M. Continuo

Greece needs bridging loan, scrambles for more cuts



    By Lefteris Papadimas and Harry Papachristou

    ATHENS (Reuters) - Greece's coalition government will seek a bridging loan to tide it over while it scrambles to find 11.7 billion euros of spending cuts to bring a derailed bailout plan back on track and appease exasperated international lenders.

    The measures must be submitted for approval by July 24, when auditors of the so-called "troika" of the European Union, the International Monetary Fund and the European Central Bank are expected to return to Athens for a check-up mission.

    The visit, and subsequent haggling that is expected to last until September, will determine whether the EU and IMF continue bankrolling Athens or abandon it and let it slide towards chaotic default and eventual exit from the euro zone.

    The troika has already turned the screws on cash-strapped Athens, effectively suspending payments under its ongoing 130 billion euro rescue and prompting it to seek a bridging loan from its lenders to cover financing needs until September.

    "We are fighting to secure the bridging loan by September," a finance ministry official told reporters, speaking on condition of anonymity.

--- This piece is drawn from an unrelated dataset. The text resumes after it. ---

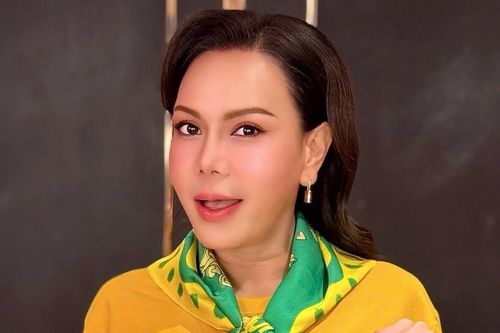 Cách chọn xe sang của Việt Hương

    Cabinet members and senior ministry officials have been holding daily meetings to thrash out the spending cuts. Finance Minister Yannis Stournaras is expected to submit on Wednesday a draft list to the leaders of the three parties comprising the country's ruling coalition.

    "Since last Thursday, there is a methodical effort by all ministers to find realistic proposals," Deputy Finance Minister Christos Staikouras told Reuters. "We must be ready by July 23," he added.

    The cuts, equivalent to 5.5 percent of the country's GDP, must be enforced over the next two years for Greece's budget deficit to narrow to below 3 percent of GDP by the end of 2014 from 9.3 percent in 2011.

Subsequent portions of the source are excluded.